Example: A database component provides a method for enumerating the results of a query either row by row or several rows at a time. In the local case, a developer can simply use this method to add the rows one by one to a list box. In the remote case, this approach would incur a network round trip for each row enumerated. Using the method in a batched fashion requires the developer to allocate a buffer large enough to hold all the rows in the query and retrieve them in one call, then adding them to the list box one by one. Because the programming model has changed significantly, the developer has to make design compromises so the application will work efficiently in a distributed environment.

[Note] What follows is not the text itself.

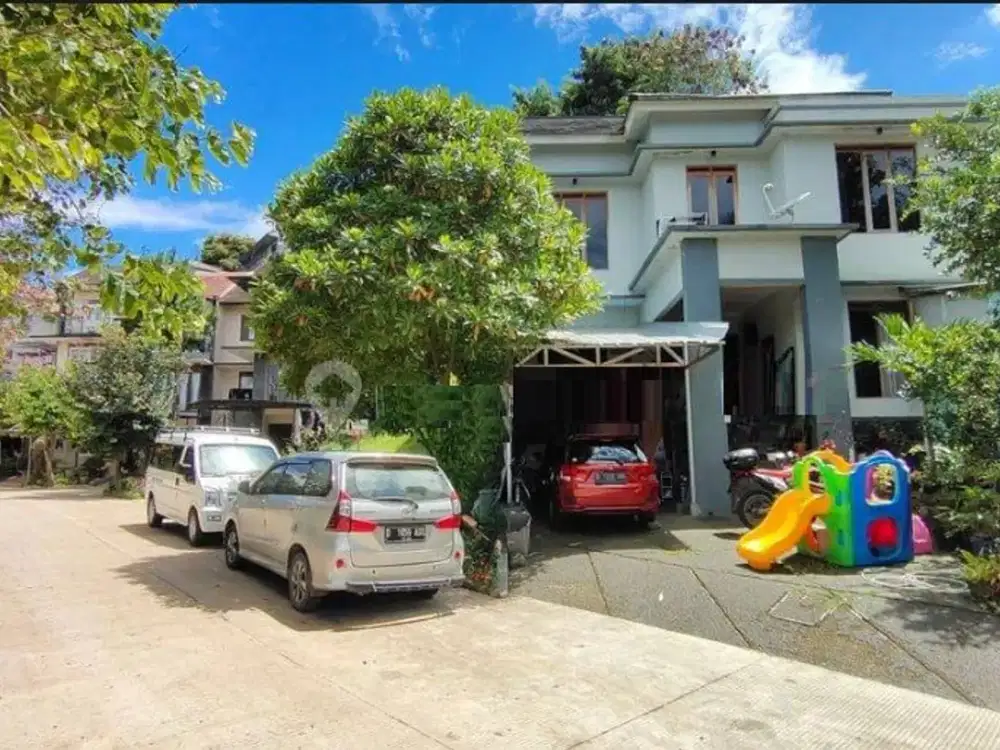 Rumah 2 Lantai Di Resort Dago Pakar Bandung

DCOM makes it easy for component designers to perform batching without requiring the clients to use a batching-style API. DCOM's marshaling mechanism lets the component inject code on the client side, called a "proxy object," that can intercept multiple method calls and bundle them into a single remote procedure call:
Example: The developer of the previous example continues to enumerate the methods one by one, since that is the way the application's logic requires it. (The list box API requires this.) However, the first call for enumerating the query result arrives in the application-specific proxy object, which retrieves all the rows (or a reasonable "batch" of rows) and caches them in the proxy object. Subsequent calls then come from this cache without additional network round trips. The developer continues with a simple programming model, yet the overall application is optimized.
Figure 10 - The component model: Client-side caching
DCOM also allows efficient referrals from one component to the other. If a component holds a reference to another component on a separate machine, it can pass this reference to a client running on a third machine (refer the client to another component running on another machine). When the client uses this reference, it communicates directly with the second component. DCOM short-circuits these references and lets the original component and machine get out of the picture entirely. This enables custom directory services that can return references to a wide range of remote components:
Example 1: A chess application can allow players who are waiting for a partner to register themselves with a chess directory service. Other players can browse or query the list of waiting players. When a player chooses a partner, the chess directory service returns a reference to the partner's client component. DCOM automatically connects the two players; the directory service is not involved in any further transactions.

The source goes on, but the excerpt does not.